Iedereen heeft waarschijnlijk wel zo’n verhaal. We herinneren ons plekken des te beter omdat er later iets vreselijks is gebeurd. Rampen zijn geheugen. Maar dan wel het gedeelte dat we het liefst niet te vaak bezoeken. Ze zitten in het laatje waarin we alle zaken stoppen die ons boven de pet gaan. Alleen zo kunnen we er voorzichtig zo nu en dan naar loeren, gewapend met de juiste copingmethodes. Herdenken, soit, maar vieren is echt een brug te ver.
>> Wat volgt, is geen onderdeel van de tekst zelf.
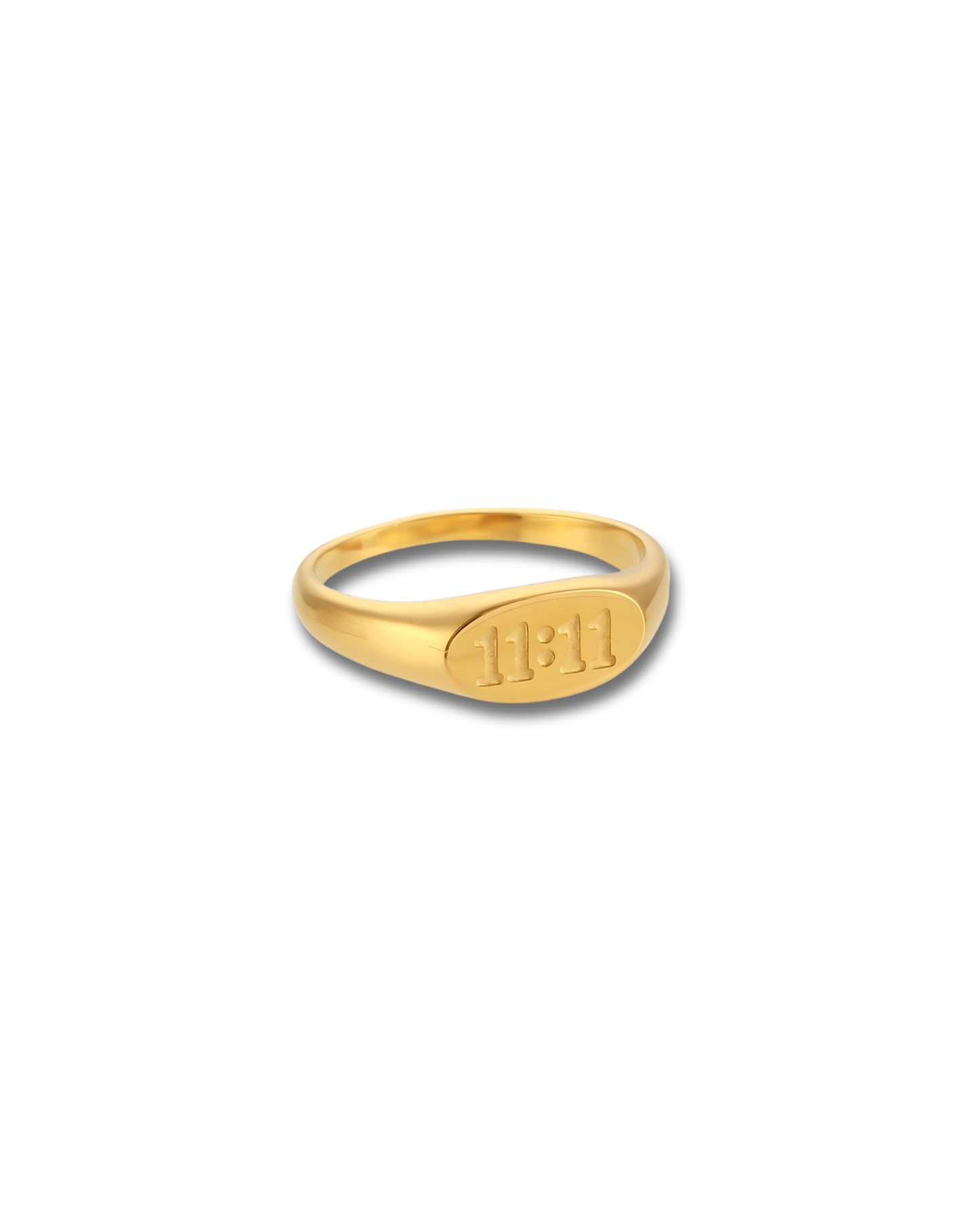 11:11 Ring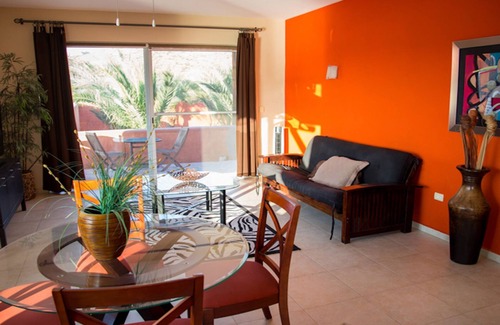 La Paz Condo | Wonderful Condo at Amazing Resort!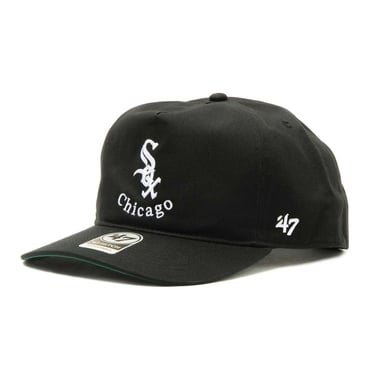 47A HIT-MLB-CHIWHI-SOUVENIR-BLK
De overvloed aan gebutste, gebroken en gescheurde spullen in het museum van New York maakte grote indruk op me. Vooral, zo drong pas na een tijdje tot me door, omdat bij al die objecten dode mensen horen. Sommigen zijn zelfs nooit teruggevonden. Hun lichamen zijn gedesintegreerd door de kracht van kerosine en beton; misschien maken ze wel deel uit van het grijze laagje dat op alles zit. Consumentenproducten als grafmonumenten – rampen zijn vaak ook absurd.

GEHAVEND EN KWAAD

Maar het was één onbeschadigd object dat me meer vertelde over de geschiedenis na 9/11 dan welk stuk verbogen staal ook. In de tentoonstellingsruimte staat de container die in de eerste weken na de klap dienstdeed als een plek waar nabestaanden en overlevenden een stil moment konden hebben of juist contact konden zoeken met elkaar. Het ding is in de hoogst mogelijke dichtheid beplakt met foto’s, knuffeldieren, brieven en kledingstukken. Pogingen om te herinneren, maar vooral om houvast te hebben in een groteske nieuwe wereld.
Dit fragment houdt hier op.